Caption-style text data
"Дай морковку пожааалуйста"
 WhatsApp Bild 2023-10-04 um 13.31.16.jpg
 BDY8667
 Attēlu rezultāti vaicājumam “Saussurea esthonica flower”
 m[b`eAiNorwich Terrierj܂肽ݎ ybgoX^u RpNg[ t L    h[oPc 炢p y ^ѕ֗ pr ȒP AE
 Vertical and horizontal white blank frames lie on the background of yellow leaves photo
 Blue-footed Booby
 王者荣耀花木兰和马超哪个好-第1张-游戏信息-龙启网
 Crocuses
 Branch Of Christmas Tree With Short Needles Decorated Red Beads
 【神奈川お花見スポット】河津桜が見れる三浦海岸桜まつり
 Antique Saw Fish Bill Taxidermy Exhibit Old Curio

WORK ITEM> What you write must match the records above line for line.

OUTPUT OF THE TASK>
"Дай морковку пожааалуйста"
 WhatsApp Bild 2023-10-04 um 13.31.16.jpg
 BDY8667
 Attēlu rezultāti vaicājumam “Saussurea esthonica flower”
 m[b`eAiNorwich Terrierj܂肽ݎ ybgoX^u RpNg[ t L    h[oPc 炢p y ^ѕ֗ pr ȒP AE
 Vertical and horizontal white blank frames lie on the background of yellow leaves photo
 Blue-footed Booby
 王者荣耀花木兰和马超哪个好-第1张-游戏信息-龙启网
 Crocuses
 Branch Of Christmas Tree With Short Needles Decorated Red Beads
 【神奈川お花見スポット】河津桜が見れる三浦海岸桜まつり
 Antique Saw Fish Bill Taxidermy Exhibit Old Curio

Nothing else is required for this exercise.